Messick called this real-world attribute of tests “consequential validity.”    He proposed that test validity be conceived as a unitary quality comprising both construct validity and consequential validity—both the technical and the ethical-social dimension.   What shall it profit a test if it reaches an accurate conclusion yet injures the social goal it was trying to serve?

Many years ago I experienced the force of Messick’s observation before I knew that he was the source of it.    It was in the early 1980s, and I had published a book on the valid testing of student writing. (The Philosophy of Compsition).   At the time, Messick was the chief scientist at the Educational Testing Service, and under him a definitive study had been conducted to determine the most valid way to measure a person’s writing ability.   Actual scoring of writing samples was notoriously inconsistent, and hence unfair.   Even when graded by specially socialized groups of readers (the current system) there was a good deal of variance in the scoring.

ETS devised a test that probed writing ability less directly and far more reliably.   It consisted of a few multiple-choice items concerned with general vocabulary and editorial acumen.     This test proved to be not only far shorter and cheaper, it was also more reliable and valid.    That is, it better predicted elaborately determined expert judgment of writing ability than did the writing samples.

There was just one trouble with this newly devised test.  Used over time, student writing ability began to decline.   The most plausible explanation was that although the test had construct validity it lacked consequential validity.   It accurately predicted writing skill, but it encouraged classroom activity which diminished writing skill—a perfect illustration of Messick’s insight.
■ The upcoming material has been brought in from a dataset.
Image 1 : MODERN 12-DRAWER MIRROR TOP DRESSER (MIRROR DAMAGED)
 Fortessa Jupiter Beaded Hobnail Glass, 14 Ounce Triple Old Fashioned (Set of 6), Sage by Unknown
Under his intellectual influence there is now, again, an actual writing sample to be found on the verbal SAT.   The purely indirect test which dispensed with that writing sample had had the unfortunate consequence of reducing the amount of student writing assigned in the schools, and hence reducing the writing abilities of students.  A shame: the earlier test was not just more accurately predictive as an estimate, it was fairer, shorter, and cheaper.  But ETS has made the right decision to value consequential validity above accuracy and elegance.